Here’s what I do. Not saying it’s what you should do. Not saying it’s somehow the best way. But it works.
Not saying it’s my own invention either. I got it from the est training, Vipassana meditation, encounter groups, enlightenment intensives.
First of all I pin down exactly the way I’m feeling. I name it.
I’m having trouble with this one. The feeling exists high up in my throat and I’m having difficulty naming it. Tears seem to be associated with it. It may be humiliation. Public embarrassment. Like being caught doing something I shouldn’t be doing or caught with my pants down.
The minute I name the feeling as humiliation, a percentage of the charge disappears. So simply naming it accomplishes part of the healing process.
But then I go a step further and ask myself: when was I publicly humiliated?
And immediately I flash on a scene in high school. This was in 1964 and you have to remember that being a member of a “broken” family was the subject of much gossip and disdain in those days.
Here I was on the platform of my high school receiving a prestigious award and the Vice Principal asked my parents to stand up. Oh my Gawd. Mr. Rogers, you should have known better.
My Mom stood up on the floor of the gymnasium and my Dad stood up in the balcony. I could have died.
I experience through the humiliation I felt. I’d say seventy percent of the unwanted feeling has disappeared.
But there’s still a portion of it hanging around. I look again for another incident. And I see one that is too gruelling for me to acknowledge publicly. So I’m censoring that one. But censoring it doesn’t stop me from experiencing the incident to completion.
I do and I’m now, I’d say, around 95 percent complete.
But now something unexpected happens. Could it be a feature of the rising energies?

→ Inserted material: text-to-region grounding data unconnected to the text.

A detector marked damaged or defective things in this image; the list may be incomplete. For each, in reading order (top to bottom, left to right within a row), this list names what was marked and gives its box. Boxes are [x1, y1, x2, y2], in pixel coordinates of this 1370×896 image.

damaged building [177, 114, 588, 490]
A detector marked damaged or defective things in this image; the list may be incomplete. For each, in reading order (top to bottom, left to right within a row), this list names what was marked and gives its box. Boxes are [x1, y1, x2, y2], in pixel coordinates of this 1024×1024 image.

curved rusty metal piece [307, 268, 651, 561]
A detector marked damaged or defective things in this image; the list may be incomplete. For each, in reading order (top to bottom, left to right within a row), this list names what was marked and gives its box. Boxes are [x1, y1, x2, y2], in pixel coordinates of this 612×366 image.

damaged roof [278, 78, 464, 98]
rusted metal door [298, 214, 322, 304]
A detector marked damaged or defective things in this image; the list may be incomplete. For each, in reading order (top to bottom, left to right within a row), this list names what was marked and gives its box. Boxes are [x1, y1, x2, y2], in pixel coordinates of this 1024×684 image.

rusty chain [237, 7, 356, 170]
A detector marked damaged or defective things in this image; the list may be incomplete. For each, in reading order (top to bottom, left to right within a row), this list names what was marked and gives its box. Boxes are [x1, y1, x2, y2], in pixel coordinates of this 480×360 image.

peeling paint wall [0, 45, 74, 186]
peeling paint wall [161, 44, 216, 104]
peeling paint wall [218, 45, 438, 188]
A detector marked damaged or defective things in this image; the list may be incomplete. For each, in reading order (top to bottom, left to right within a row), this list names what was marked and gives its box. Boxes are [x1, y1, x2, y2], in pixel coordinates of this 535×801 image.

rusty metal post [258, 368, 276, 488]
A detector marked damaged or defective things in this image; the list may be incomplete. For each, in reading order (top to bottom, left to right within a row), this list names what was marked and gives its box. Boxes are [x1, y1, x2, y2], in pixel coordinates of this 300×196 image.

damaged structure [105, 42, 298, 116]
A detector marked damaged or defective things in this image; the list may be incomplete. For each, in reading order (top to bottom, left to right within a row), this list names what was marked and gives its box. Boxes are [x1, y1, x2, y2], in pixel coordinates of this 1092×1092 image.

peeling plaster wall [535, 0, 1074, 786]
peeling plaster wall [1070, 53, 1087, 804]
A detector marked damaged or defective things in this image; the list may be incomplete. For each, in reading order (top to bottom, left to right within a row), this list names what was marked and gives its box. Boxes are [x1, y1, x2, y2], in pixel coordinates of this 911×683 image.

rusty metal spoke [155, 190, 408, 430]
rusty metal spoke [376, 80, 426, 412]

Now many incidents race through my mind – the first time I made love (disaster!), the time I made love to a gal and she asked, in a pained but casual-sounding voice: “Can we stop now?” (Devastated me!)
An avalanche of incidents roll out: the young leftist club (if I mention the name of it, I’d have the NSA breathing down my neck) whose meeting I attended out of curiosity, saying, “We have a traitor in our midst” and I looked around only to find they were talking about me.
The time I took a stand on an unfair student issue, following the advice of a fellow I considered a friend who was anything but, and found myself being considered to have resigned from my student-political position (Speak of entrapment! Speak of being dumb!).
The incidents roll past my mind.
Being caught as a kid for stealing peanuts, rock candy, chocolate bars. Confessing my kleptomania to a junior school counsellor only to have the whole matter escalate and get me in worse trouble than I was already in! Getting the strap for lazily carving a notch in my desk (oh, my life was over!), only to find out years later that my Mom knew all along since the principal had to call her before he did the deed (required by law)!
Being rejected in relationship, losing money, being taken for a sucker. Oh Gawd, how many incidents have we in our lives that sit there undigested and roast us worse than Scrooge on Christmas Eve?
I experience them all, allowing myself to relive them for the time that’s needed. And then it all stops and I’m restored to Self.
What a rollercoaster ride!
So the vasana is complete – this time. And I haven’t broken off my relationship with my friend or added a new layer to the vasana by shouting at him.
In fact, rather than having added a vasana, I’ve gone a ways to making one disappear and reducing the stack by one.
Bliss arises and I’m back to life as it was. That for me is the way to handle an upset without losing friends, ending up in a police station, adding more humiliation to one’s life, etc.